# What the exercise asks:
Give back the entire listing that follows, exactly.

# Extracted entries:
↓
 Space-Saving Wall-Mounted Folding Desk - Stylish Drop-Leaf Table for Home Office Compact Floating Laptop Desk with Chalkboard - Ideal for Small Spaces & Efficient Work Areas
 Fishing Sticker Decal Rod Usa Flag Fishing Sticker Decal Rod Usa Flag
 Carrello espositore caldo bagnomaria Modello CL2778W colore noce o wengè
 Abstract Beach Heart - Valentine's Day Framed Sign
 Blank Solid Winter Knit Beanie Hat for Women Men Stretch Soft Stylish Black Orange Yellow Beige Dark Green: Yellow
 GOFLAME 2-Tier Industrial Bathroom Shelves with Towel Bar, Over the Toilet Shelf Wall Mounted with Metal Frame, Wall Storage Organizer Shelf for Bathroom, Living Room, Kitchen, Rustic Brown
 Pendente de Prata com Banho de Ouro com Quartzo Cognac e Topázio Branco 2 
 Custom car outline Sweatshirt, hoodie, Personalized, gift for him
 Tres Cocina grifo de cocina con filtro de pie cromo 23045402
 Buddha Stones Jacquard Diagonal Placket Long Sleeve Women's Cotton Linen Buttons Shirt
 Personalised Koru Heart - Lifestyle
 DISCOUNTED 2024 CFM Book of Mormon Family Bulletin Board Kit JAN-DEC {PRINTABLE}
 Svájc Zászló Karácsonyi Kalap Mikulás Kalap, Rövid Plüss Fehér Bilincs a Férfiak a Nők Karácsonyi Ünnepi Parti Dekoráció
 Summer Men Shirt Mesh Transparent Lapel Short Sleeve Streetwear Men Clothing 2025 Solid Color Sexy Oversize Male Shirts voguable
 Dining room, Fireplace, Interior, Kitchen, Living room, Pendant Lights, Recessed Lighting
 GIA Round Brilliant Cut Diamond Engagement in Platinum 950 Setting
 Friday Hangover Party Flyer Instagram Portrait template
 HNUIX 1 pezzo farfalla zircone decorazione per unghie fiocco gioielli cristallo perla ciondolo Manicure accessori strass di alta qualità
↑
# Output:
 Space-Saving Wall-Mounted Folding Desk - Stylish Drop-Leaf Table for Home Office Compact Floating Laptop Desk with Chalkboard - Ideal for Small Spaces & Efficient Work Areas
 Fishing Sticker Decal Rod Usa Flag Fishing Sticker Decal Rod Usa Flag
 Carrello espositore caldo bagnomaria Modello CL2778W colore noce o wengè
 Abstract Beach Heart - Valentine's Day Framed Sign
 Blank Solid Winter Knit Beanie Hat for Women Men Stretch Soft Stylish Black Orange Yellow Beige Dark Green: Yellow
 GOFLAME 2-Tier Industrial Bathroom Shelves with Towel Bar, Over the Toilet Shelf Wall Mounted with Metal Frame, Wall Storage Organizer Shelf for Bathroom, Living Room, Kitchen, Rustic Brown
 Pendente de Prata com Banho de Ouro com Quartzo Cognac e Topázio Branco 2 
 Custom car outline Sweatshirt, hoodie, Personalized, gift for him
 Tres Cocina grifo de cocina con filtro de pie cromo 23045402
 Buddha Stones Jacquard Diagonal Placket Long Sleeve Women's Cotton Linen Buttons Shirt
 Personalised Koru Heart - Lifestyle
 DISCOUNTED 2024 CFM Book of Mormon Family Bulletin Board Kit JAN-DEC {PRINTABLE}
 Svájc Zászló Karácsonyi Kalap Mikulás Kalap, Rövid Plüss Fehér Bilincs a Férfiak a Nők Karácsonyi Ünnepi Parti Dekoráció
 Summer Men Shirt Mesh Transparent Lapel Short Sleeve Streetwear Men Clothing 2025 Solid Color Sexy Oversize Male Shirts voguable
 Dining room, Fireplace, Interior, Kitchen, Living room, Pendant Lights, Recessed Lighting
 GIA Round Brilliant Cut Diamond Engagement in Platinum 950 Setting
 Friday Hangover Party Flyer Instagram Portrait template
 HNUIX 1 pezzo farfalla zircone decorazione per unghie fiocco gioielli cristallo perla ciondolo Manicure accessori strass di alta qualità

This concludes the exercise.